Creative Legal Jobs for Designers, Web Developers, Social Media Managers & MoreNatalia Persin
The legal field has plenty of possible roles for creatives. Although lawyers and paralegals need a legal education, their firms and projects still need designers, developers, and social media managers.
Like it or not, law firms are a business. They need the same sort of skills that other businesses use for advertising, SEO, and managing internal databases and portals. Focusing your creative skills on the unique requirements of law firms and other businesses in the legal realm is a great specialization.
Law and lawyers are one of the oldest modern professions and only become more important as further regulations are likely to evolve to address environmental and social problems. Keep reading to find out a few of the legal jobs creatives can get when they specialize in the legal field.
Do You Need a Degree to Work in Law?
If you want to be a lawyer, you have to go to law school. But there are many other supporting roles you can take in a law firm or company that support legal goals.
People who work in these supportive positions don’t necessarily have to have a degree at all. In many cases, they have commensurate work experience to land the position. Of course, holding a degree is quite likely going to help your case when you apply.
But degrees for certain creative professions don’t hold the weight they do in other fields. Since some institutions of higher education don’t offer much practical experience alongside their degree programs, hiring managers prefer to see work experience and certificates in specific concentrations.
Certain trade schools and portfolio schools do provide plenty of practical education and even provide graduates with exactly what they need to land their first creative job. If you’re in the early stages of a creative career and have the time and resources to dedicate to a program like that, it’s probably a smart move.
The good news for anyone who wants to involve themselves in the nobler or more complicated world of the law is that you can certainly do so. Creatives with concentrations in social media marketing, software design, and UX/UI are particularly in high demand for long-term legal work.
Law for Creatives vs. Creatives in Law
To avoid confusion, we’d like to point out that we aren’t only discussing law that involves legal pursuits like music or acting. Entertainment law is its own practice, as is intellectual property law.
Many businesses are tangentially connected to these practice areas. But there are many other legal jobs that are totally separate. You might become a graphic designer for a personal injury firm, which is a much better example of the sort of career path we’re going to discuss in the rest of this guide.
What is Legal Design?
It should be no surprise that design thinking has found its way into the legal field just the same way it has in just about every other white collar industry.
Few experiences are as confusing and frustrating as navigating legal problems. Lawyers and law firms are constantly seeking out new approaches that allow them to make this process easier for their clients and user-centered design can help.
Legal design is the application of design thinking to the workday experiences of lawyers and other legal professionals. Explaining all the ins and outs of a typical day at a law firm would take quite a while, but we can summarize a few things to give some idea of the many ways design thinking may be applied in a legal environment.
- Client Acquisition
Perhaps you live in a city where advertisements for lawyers and legal aid are already popular.
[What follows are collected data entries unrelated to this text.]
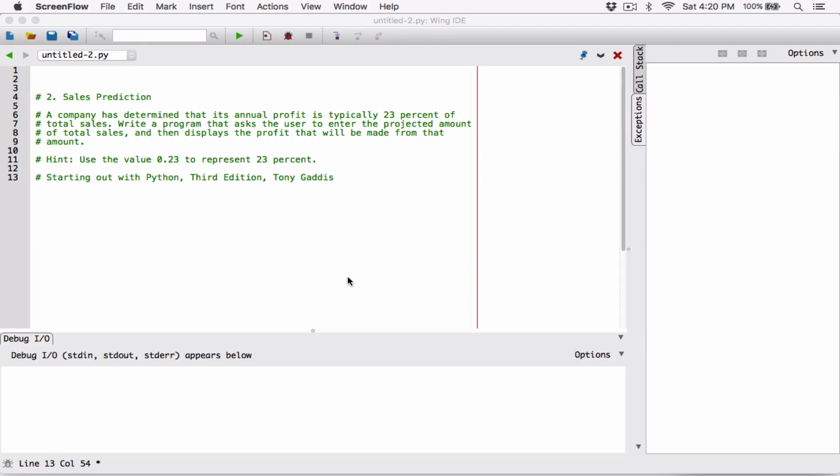Hello everyone. The next program in chapter 2 is a sales prediction program. A company has determined that its annual profit is typically 23% of total sales. Write a program that asks the user to enter the projected amount of total sales and then display the profit that will be made from that amount.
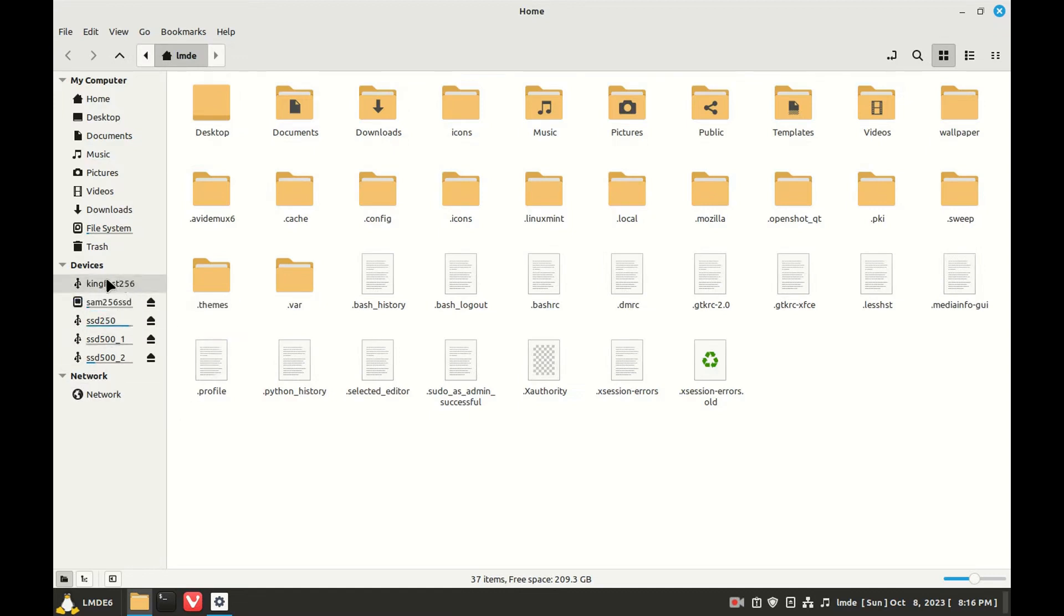Unmount it. And these are showing they're mounted because the unmount icon is showing. All we need to do is click it.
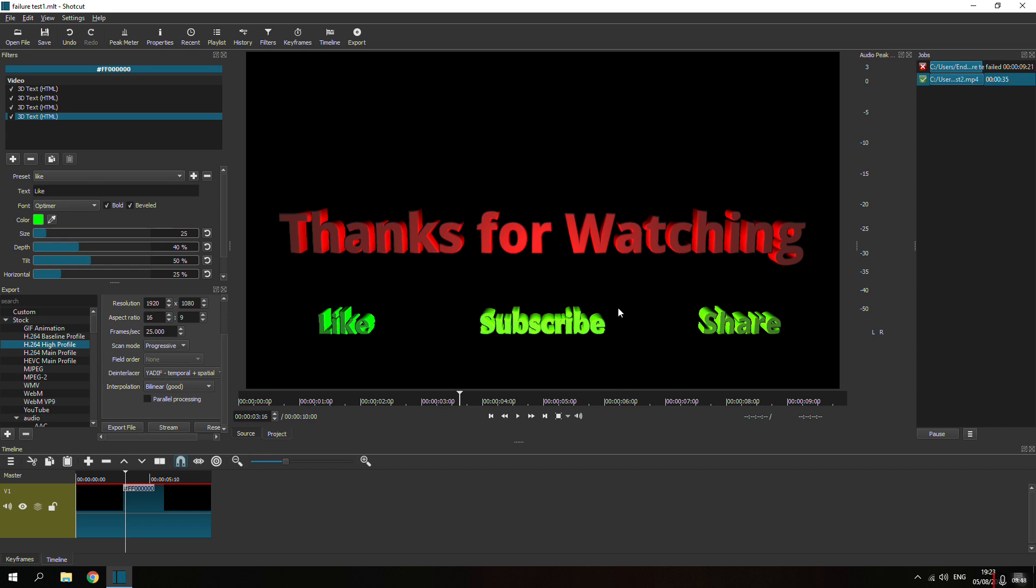But thanks for watching. Likes, subscribe, and share, which will be at the end of this video. And catch you next Counterstrike video. I'm aiming for that first place whether it kills me. I need to get first. But take it easy people. Have fun.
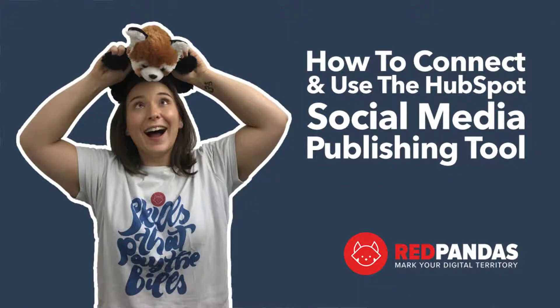How to connect your social media tools to your HubSpot portal. Hi, my name is Tasha and I'm a senior inbound marketing specialist at Red Pandas Digital. Today's HubSpot how-to is on how you can connect your social media tools to your HubSpot portal and of course make the most of them. So let's jump into HubSpot and get connected.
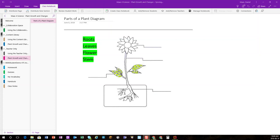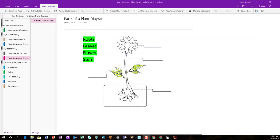Reviewing student work is very easy in OneNote Class Notebook. Let's imagine that in my teacher-only section of this class notebook, I had created a little quiz on parts of a plant where students were to drag text labels onto the different parts of the plant.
In that case, you can already surmise that lawyers – just like any other professional – are nearly always on the lookout for new clientele.
They need to be savvy in this regard. Not only are attorneys in danger of seeming overly litigious if they’re constantly looking out for someone who wants to sue, but they’re also far more likely to be wasting valuable resources on a losing case.
For many practices, such a scenario means they aren’t going to get paid at all. New tools like apps and chatbots that function with artificial intelligence are doing wonders for law firms who want to be able to weed out people who don’t have enough to build a case on without wasting employee time.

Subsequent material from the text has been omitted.